To determine whether paranode formation impairment is linked to paranodal protein depletion or hypomyelination, sciatic nerve proteins were extracted at P2 and immunoblotted for neurofascin isoforms, CASPR1, E-cadherin, and neurofilament-200 (Figure 3 and Supplemental Figure 8). In addition, myelination was visualized on semithin nerve cross sections at P2 (Supplemental Figure 8). No overt myelination defects were observed in Nfasc155 IgG4–treated pups on semithin sections. Also, levels of E-cadherin and neurofilament-200 were normal. The levels of neurofascin isoforms were quantified using pan-neurofascin antibodies that recognize both Nfasc186 and the 2 forms of Nfasc155, Nfasc155 high (Nfasc155-H) and low (Nfasc155-L)(33). Nfasc155 level was monitored using an antibody specific to Nfasc155 recognizing both forms (Figure 3).
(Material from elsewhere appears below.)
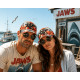 Casquette NY Requin Orange Feu - Casquette Shark Streetwear Ocean Wild CASQUETTES Hip Hop Honour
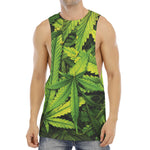 Cannabis Print Men's Muscle Tank Top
The level of Nfasc186 was unchanged in both control and Nfasc155 IgG4 groups; however, the Nfasc155 level was significantly decreased in the sciatic nerves of anti-Nfasc155 IgG4–treated pups. CASPR1 level appeared normal in the sciatic nerves of the Nfasc155 IgG4 group (Supplemental Figure 8), suggesting that Nfasc155 depletion does not impact the level of the other paranodal proteins. Also, Nfasc155 level was unchanged in the spinal cord, presumably because the blood-brain barrier, which is functional at birth, may have precluded antibody diffusion into the CNS.
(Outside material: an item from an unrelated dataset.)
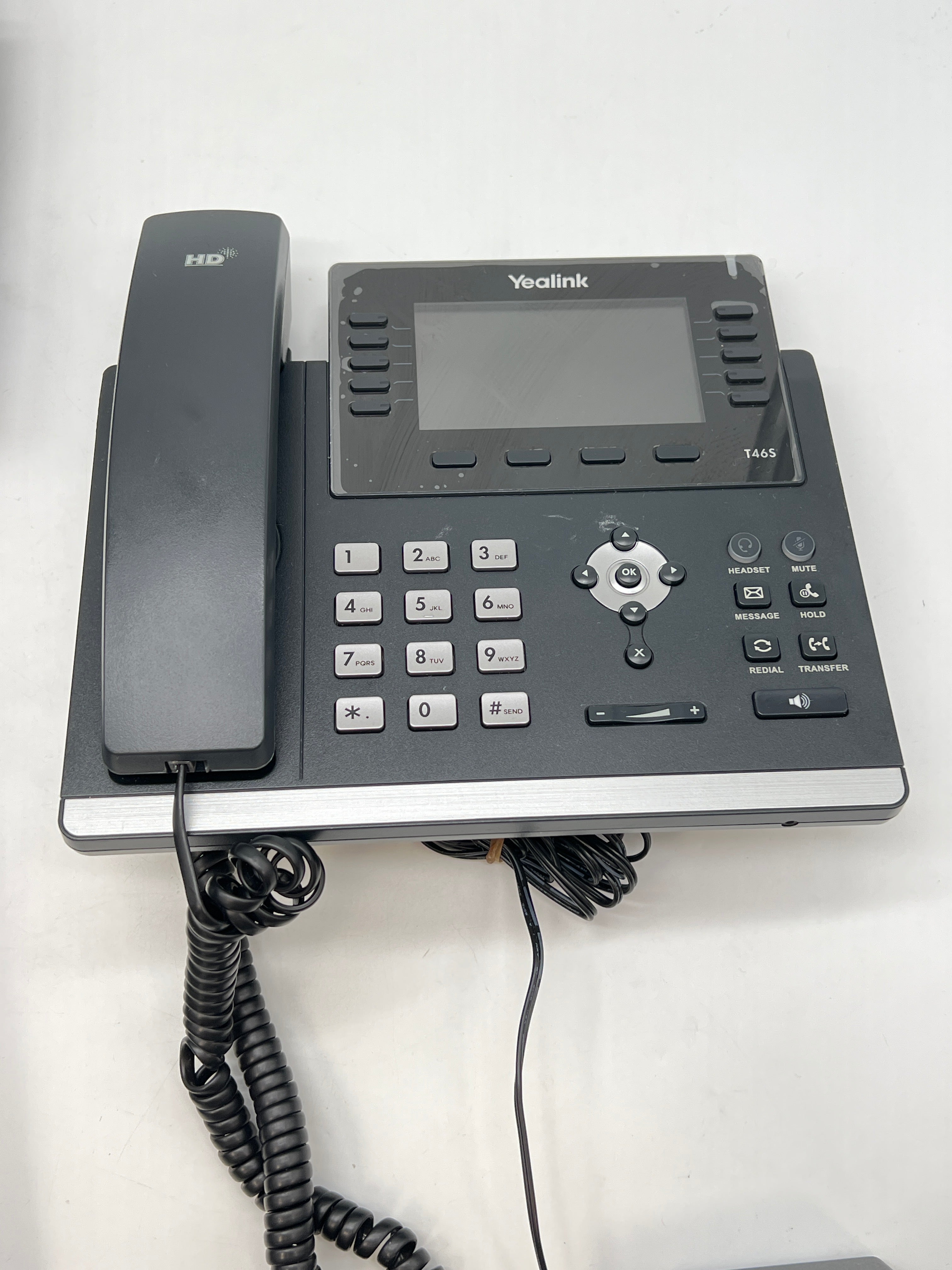 Lot Of 4 Yealink SIP-T46S VoIP IP Business Phone - Used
The level of Nfasc155 was also examined in pups treated with anti-Nfasc155 IgG4 at P4 and sacrificed at P6. No significant differences were seen between control and Nfasc155 IgG4 groups (Supplemental Figure 9). The late injection of autoantibodies at P4 thus did not appear to affect paranode stability or Nfasc155 level. This indicated that anti-Nfasc155 IgG4 antibodies do not impact Nfasc155 particles that are stably incorporated at paranodes, but induce their elimination before their stabilization at paranodes. To further confirm this hypothesis, daily i.p. injections of anti-Nfasc155 IgG4 were performed from P0 to P6, and paranode formation was examined at P4 and P6 (Supplemental Figure 10, F–K). The extension of the infusion duration resulted in a significant impairment of paranode formation at P4 and in a significant shortening of paranodal length (Supplemental Figure 10K). By P6, the percentage of Nav clusters flanked by 1 or 2 CASPR1-positive paranodes and the paranodal length were not significantly different from those in control animals. This indicated that a longer antibody infusion time further delayed paranode formation, but could not counteract the massive myelin formation process taking place at P6. In order to determine whether these alterations are associated with a loss of septate-like junctions, an electron microscopic observation was done at P4 when the effects of autoantibodies are important. Despite the young age of the animals, many nodes of Ranvier were observed in both groups of animals. In control animals, numerous septate-like junctions were observed at paranodal loops bordering the nodes of Ranvier (Supplemental Figure 11). By contrast, animals treated with anti-Nfasc155 IgG4 presented important alterations at paranodal regions (Supplemental Figure 11). Some axons completely lacked septate-like junctions at paranodes, whereas others presented paranodal loops with fewer septate-like junctions (Supplemental Figure 11). However, no alterations of the microvilli contacting the nodes of Ranvier were found. Altogether, this indicated that the loss of CASPR1 labeling at paranodes was correlated with a disappearance of septate-like junctions.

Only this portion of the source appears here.